Short descriptive text snippets
======
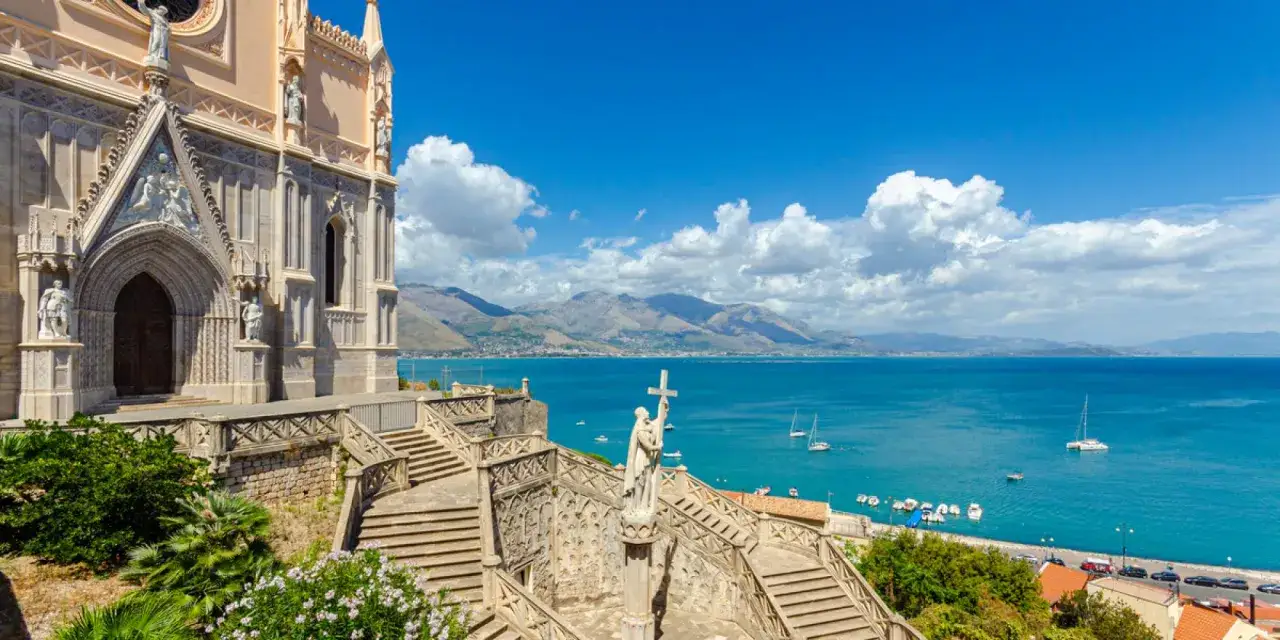La chiesa domina il mare azzurro della Riviera di Ulisse. Scale imponenti conducono al portale, mentre barche e montagne incorniciano il panorama.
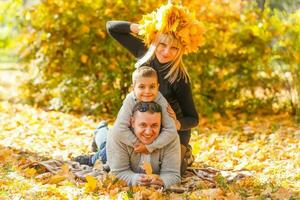 familie spelen in herfst park hebben pret foto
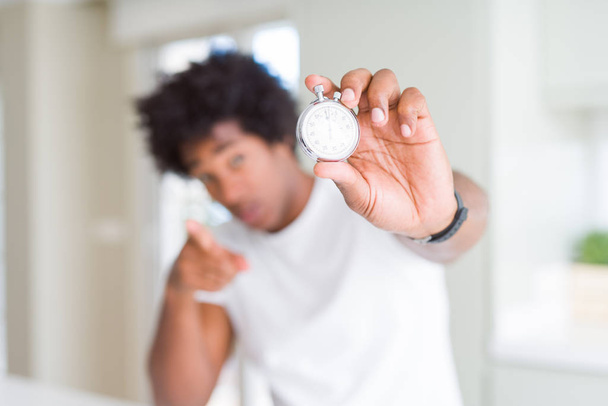 African American man holding stopwatch pointing with finger to the camera and to you, hand sign, positive and confident gesture from the front - Photo, Image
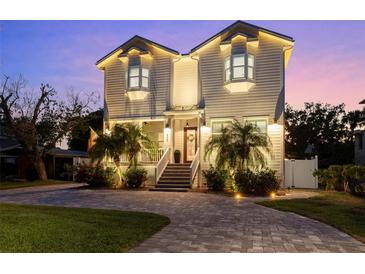 Stunning two-story home with brick paved driveway, lush landscaping, and illuminated exterior at 2303 S Occident St, Tampa, FL 33629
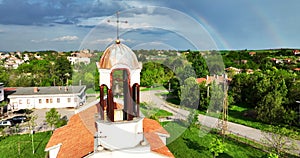 Bulgarian christian church in the countryside and beautiful bulgarian nature with rainbow in sky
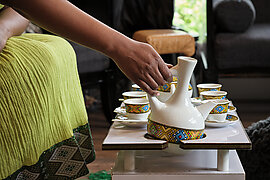 A hand reaching for a coffee pot to pour coffee into cups laid out on a table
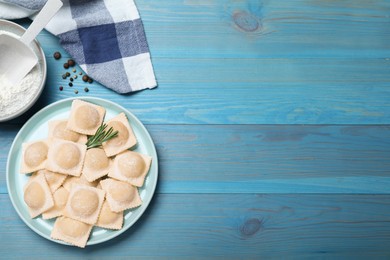 Photo of Homemade uncooked ravioli on blue wooden table, flat lay. Space for text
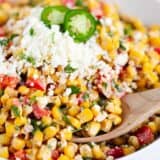 Mexican corn salad in a white bowl.
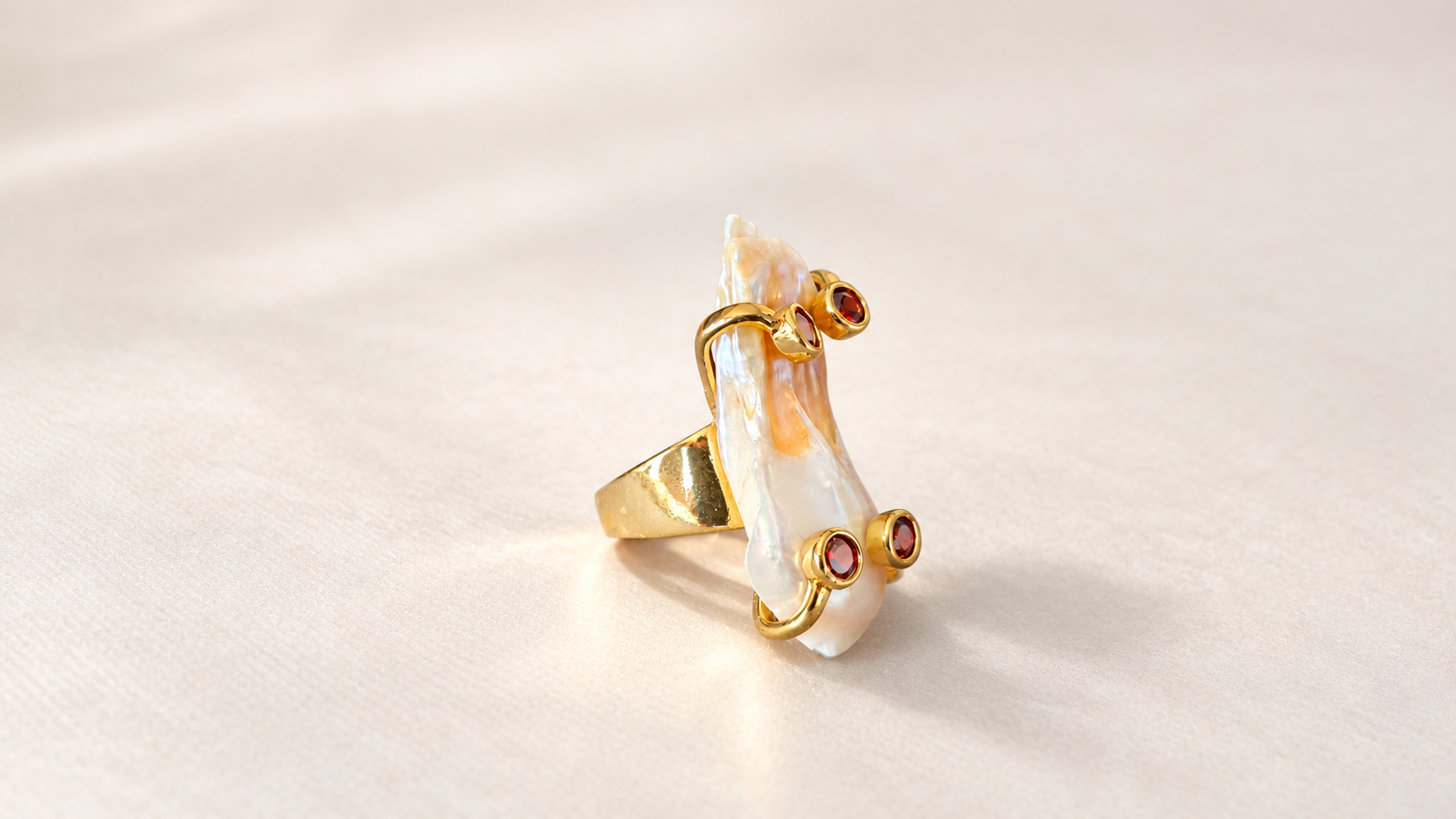 Bague Aurore Baroque aux Accents Rouges — Bague vue de côté, avec motif allongé en relief, attaches dorées courbes et éléments rouges ronds dépassant de la surface claire.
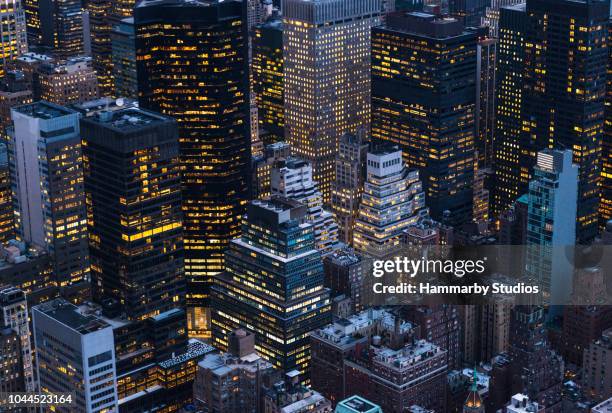 high angle shot of large group of skyscrapers in manhattan, new york city - new york city aerial stock pictures, royalty-free photos & images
======
● **Exercise prompt**:
Lines starting at the one with "Photo of Homemade" and ending at the last line of the entries above must be restated word for word, with pictures omitted.

● **Finished task**:
 Photo of Homemade uncooked ravioli on blue wooden table, flat lay. Space for text
 Mexican corn salad in a white bowl.
 Bague Aurore Baroque aux Accents Rouges — Bague vue de côté, avec motif allongé en relief, attaches dorées courbes et éléments rouges ronds dépassant de la surface claire.
 high angle shot of large group of skyscrapers in manhattan, new york city - new york city aerial stock pictures, royalty-free photos & images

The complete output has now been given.